* EXERCISE DESCRIPTION
Search the entries for the word "Mesh". Copy each line in which it is found.

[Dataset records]
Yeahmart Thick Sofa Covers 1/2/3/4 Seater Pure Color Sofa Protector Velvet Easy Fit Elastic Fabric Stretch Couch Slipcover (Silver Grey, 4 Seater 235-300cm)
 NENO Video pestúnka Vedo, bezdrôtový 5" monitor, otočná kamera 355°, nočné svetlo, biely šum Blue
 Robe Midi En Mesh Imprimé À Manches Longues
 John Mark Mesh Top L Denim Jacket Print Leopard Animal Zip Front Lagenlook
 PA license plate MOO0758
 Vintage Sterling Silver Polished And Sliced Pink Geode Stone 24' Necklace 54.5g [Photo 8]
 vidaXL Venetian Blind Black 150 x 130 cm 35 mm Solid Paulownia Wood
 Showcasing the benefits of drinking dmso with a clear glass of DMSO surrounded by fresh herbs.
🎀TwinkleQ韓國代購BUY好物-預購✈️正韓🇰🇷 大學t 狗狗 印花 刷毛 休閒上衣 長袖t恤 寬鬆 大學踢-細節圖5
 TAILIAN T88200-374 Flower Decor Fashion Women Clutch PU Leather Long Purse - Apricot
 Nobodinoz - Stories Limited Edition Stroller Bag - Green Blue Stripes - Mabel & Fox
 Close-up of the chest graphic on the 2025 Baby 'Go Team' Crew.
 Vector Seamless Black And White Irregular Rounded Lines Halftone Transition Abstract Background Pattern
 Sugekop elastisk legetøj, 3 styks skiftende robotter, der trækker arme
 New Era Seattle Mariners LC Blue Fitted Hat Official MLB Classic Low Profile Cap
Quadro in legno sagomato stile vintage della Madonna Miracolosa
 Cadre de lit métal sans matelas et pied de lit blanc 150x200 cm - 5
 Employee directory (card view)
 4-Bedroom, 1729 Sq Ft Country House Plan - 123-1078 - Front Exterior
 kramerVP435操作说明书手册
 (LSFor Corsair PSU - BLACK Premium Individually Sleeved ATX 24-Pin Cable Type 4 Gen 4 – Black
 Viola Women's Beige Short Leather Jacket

* YOUR SOLUTION
 Robe Midi En Mesh Imprimé À Manches Longues
 John Mark Mesh Top L Denim Jacket Print Leopard Animal Zip Front Lagenlook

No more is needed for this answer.